• **Task item**: Copy the lines below, please, starting with the one that contains "Kingdom Ambassador (Black" and ending with the last. Pictures stay out.

--

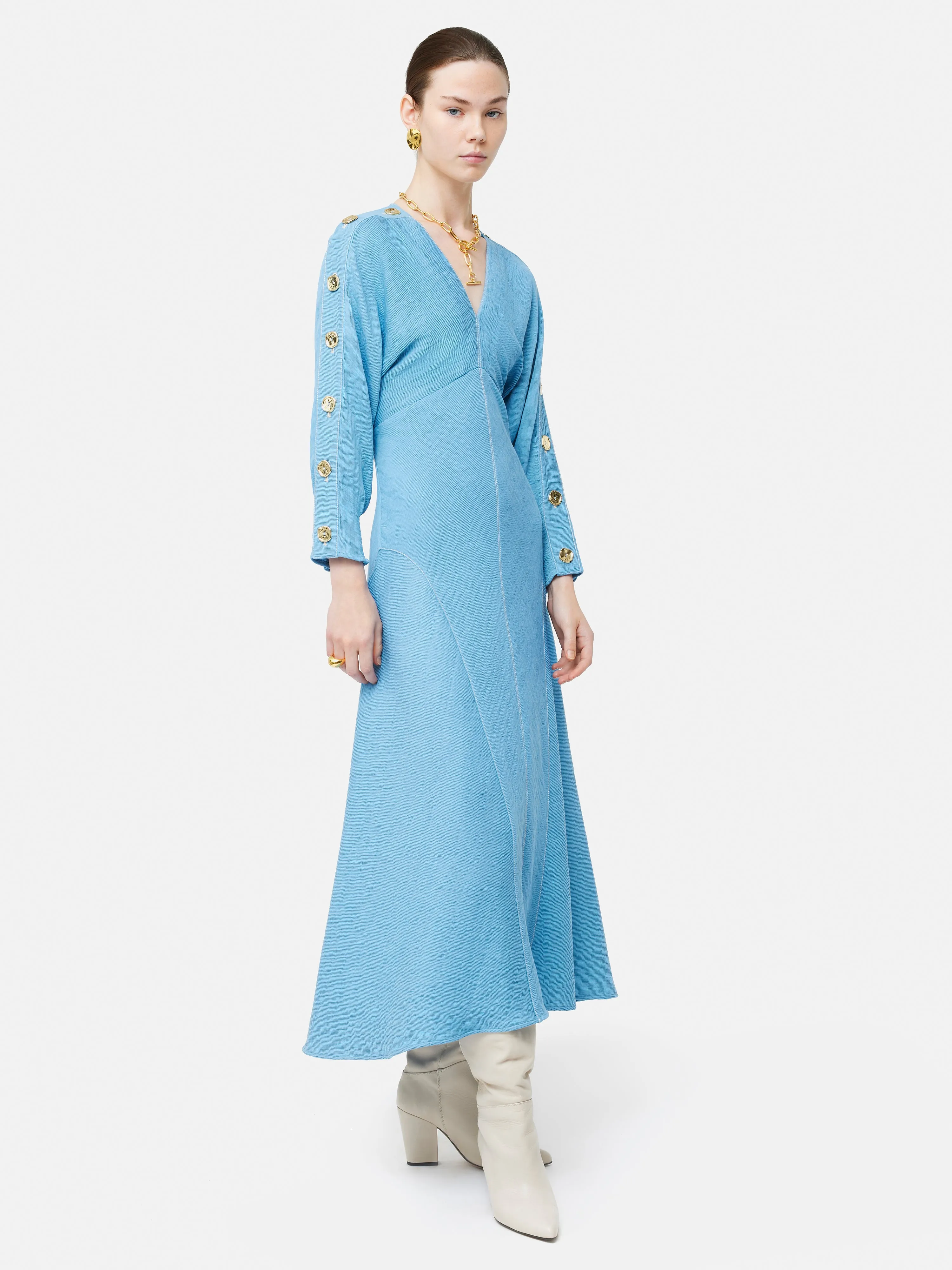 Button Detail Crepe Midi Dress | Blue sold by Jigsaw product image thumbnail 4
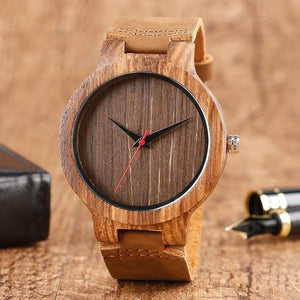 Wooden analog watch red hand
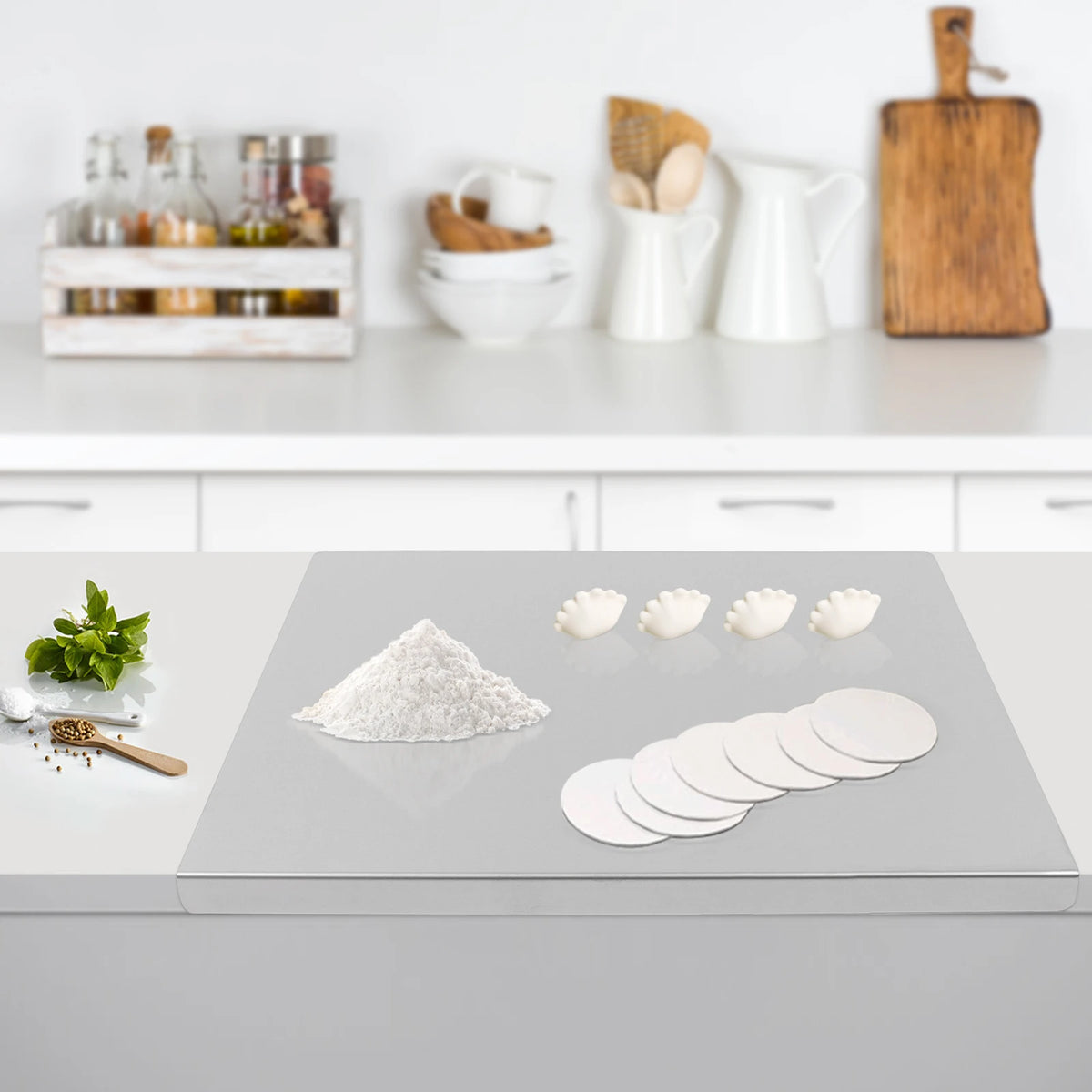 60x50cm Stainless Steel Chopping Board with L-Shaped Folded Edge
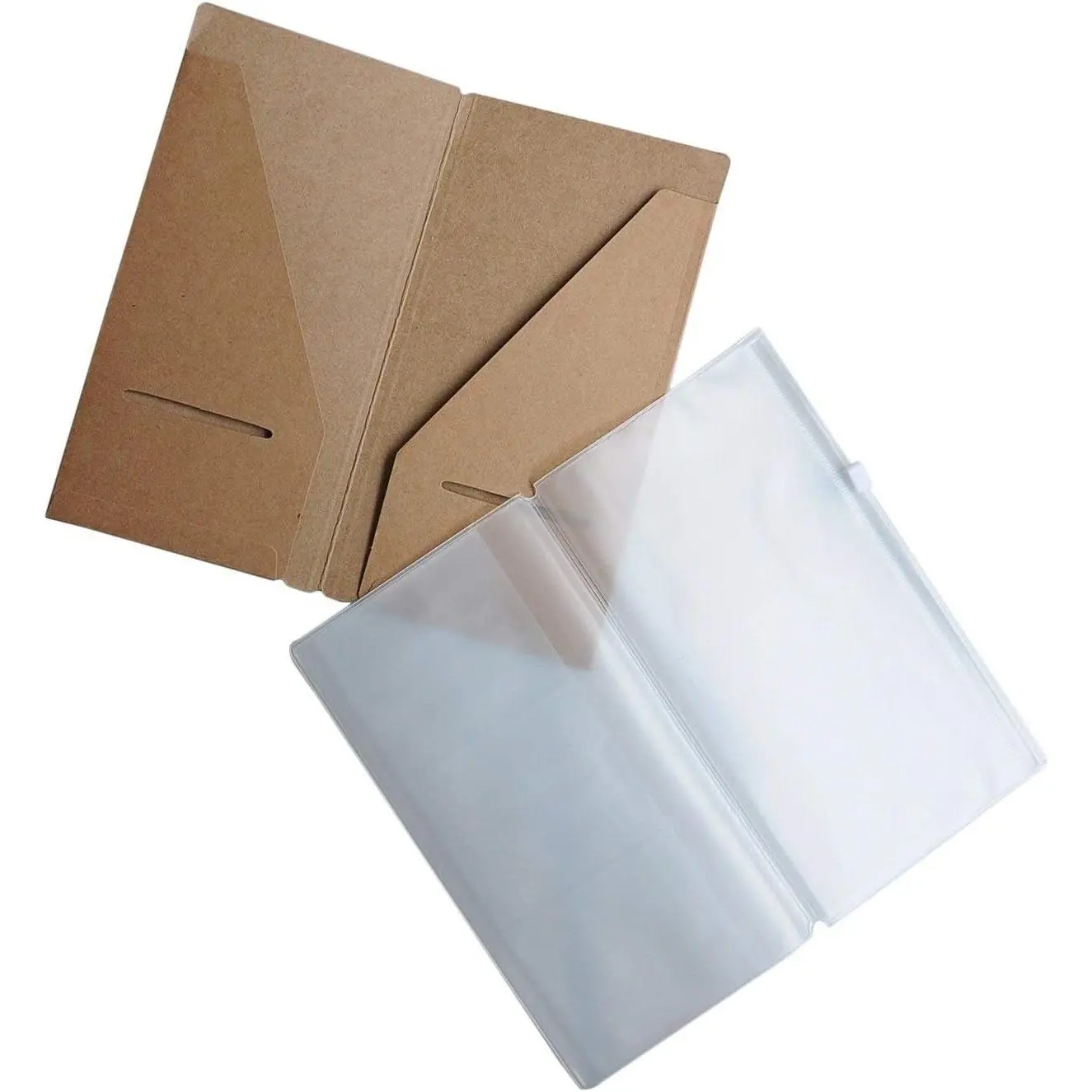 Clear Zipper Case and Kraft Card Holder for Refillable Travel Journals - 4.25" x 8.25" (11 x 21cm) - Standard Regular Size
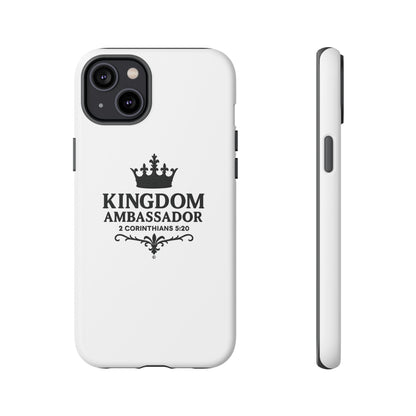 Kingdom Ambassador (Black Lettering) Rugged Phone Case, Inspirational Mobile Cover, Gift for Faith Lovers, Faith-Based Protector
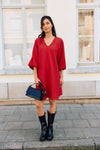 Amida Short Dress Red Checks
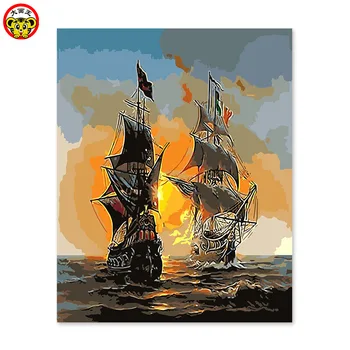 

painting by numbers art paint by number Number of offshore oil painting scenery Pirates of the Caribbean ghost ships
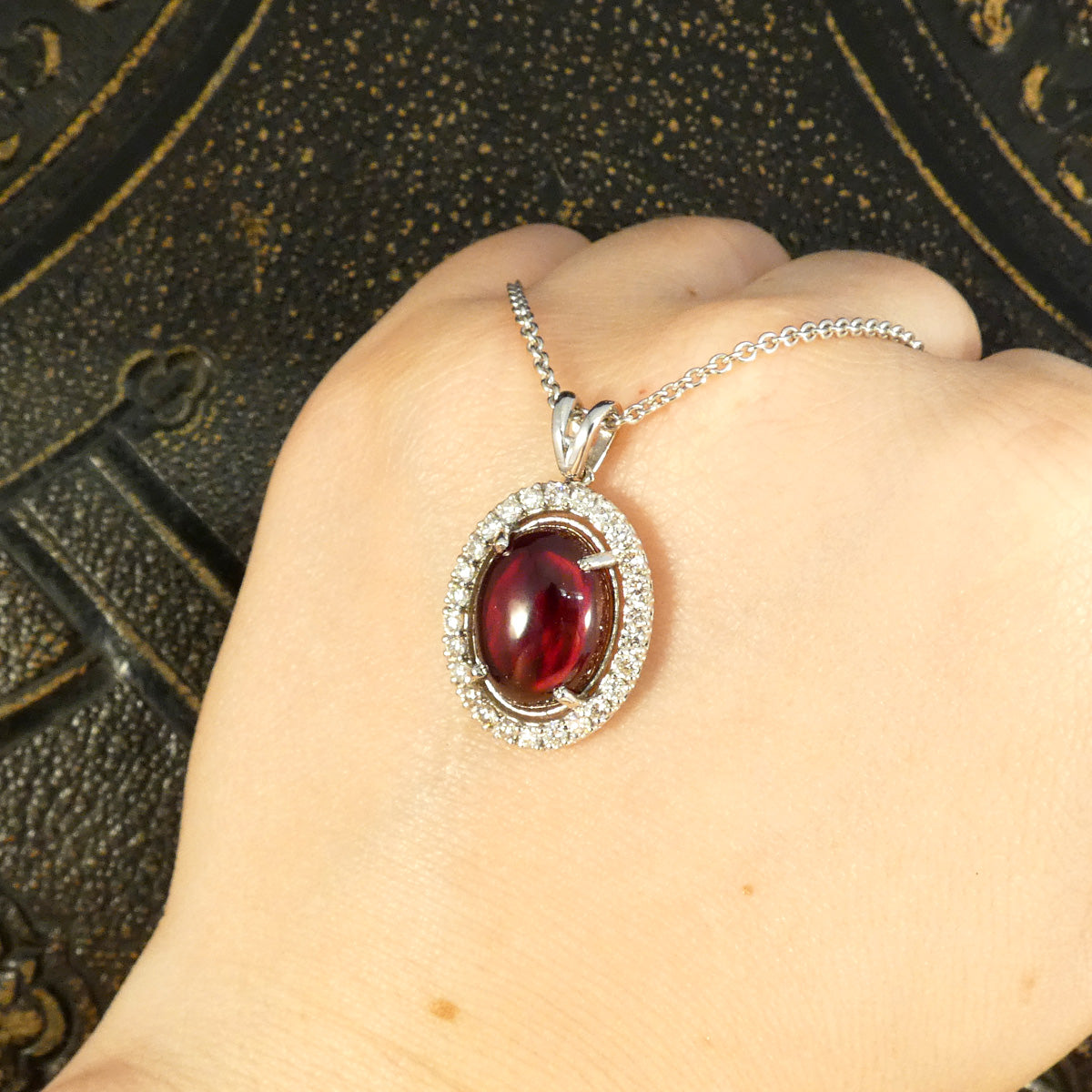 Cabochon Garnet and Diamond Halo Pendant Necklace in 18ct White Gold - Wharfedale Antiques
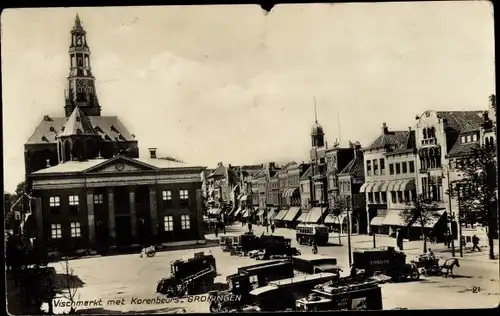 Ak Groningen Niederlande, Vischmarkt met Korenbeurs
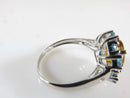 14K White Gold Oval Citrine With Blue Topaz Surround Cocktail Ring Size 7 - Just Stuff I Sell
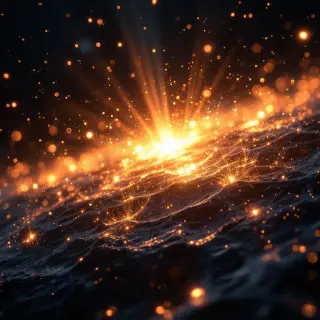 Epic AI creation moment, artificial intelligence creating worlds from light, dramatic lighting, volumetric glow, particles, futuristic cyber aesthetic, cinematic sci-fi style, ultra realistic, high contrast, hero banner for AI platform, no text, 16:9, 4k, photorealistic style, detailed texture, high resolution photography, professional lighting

--

• **Task response**:
 Kingdom Ambassador (Black Lettering) Rugged Phone Case, Inspirational Mobile Cover, Gift for Faith Lovers, Faith-Based Protector
 Amida Short Dress Red Checks

painting by numbers art paint by number Number of offshore oil painting scenery Pirates of the Caribbean ghost ships
 Cabochon Garnet and Diamond Halo Pendant Necklace in 18ct White Gold - Wharfedale Antiques
 Ak Groningen Niederlande, Vischmarkt met Korenbeurs
 14K White Gold Oval Citrine With Blue Topaz Surround Cocktail Ring Size 7 - Just Stuff I Sell
 Epic AI creation moment, artificial intelligence creating worlds from light, dramatic lighting, volumetric glow, particles, futuristic cyber aesthetic, cinematic sci-fi style, ultra realistic, high contrast, hero banner for AI platform, no text, 16:9, 4k, photorealistic style, detailed texture, high resolution photography, professional lighting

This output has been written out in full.